## WORK ITEM
Write every line of the material again exactly, with no pictures in the copy.

## SUPPLIED MATERIAL
[Start of section]
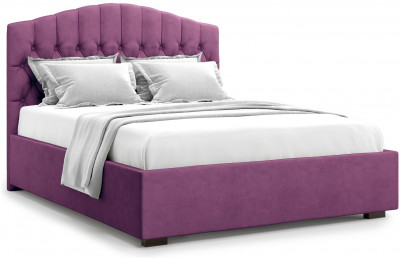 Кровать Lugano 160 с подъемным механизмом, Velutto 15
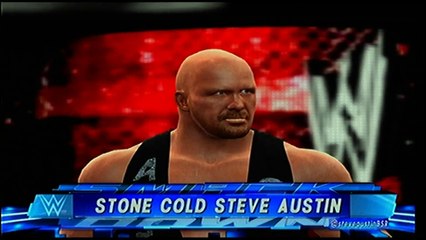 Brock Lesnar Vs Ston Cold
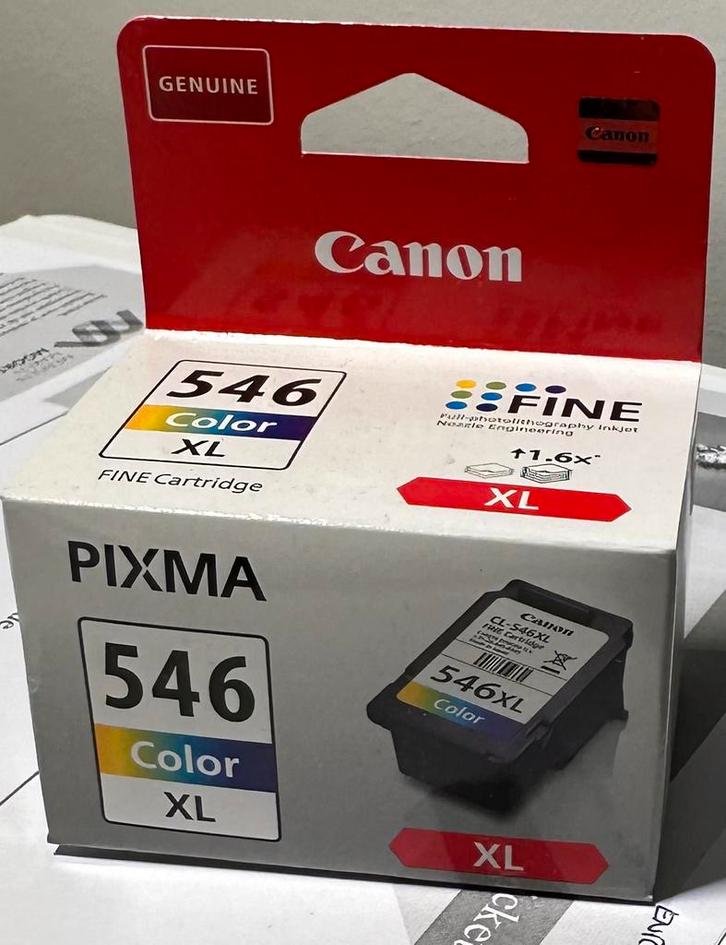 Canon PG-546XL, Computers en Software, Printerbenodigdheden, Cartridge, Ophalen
[End of section]
## SOLUTION TO THIS TASK
 Кровать Lugano 160 с подъемным механизмом, Velutto 15
 Brock Lesnar Vs Ston Cold
 Canon PG-546XL, Computers en Software, Printerbenodigdheden, Cartridge, Ophalen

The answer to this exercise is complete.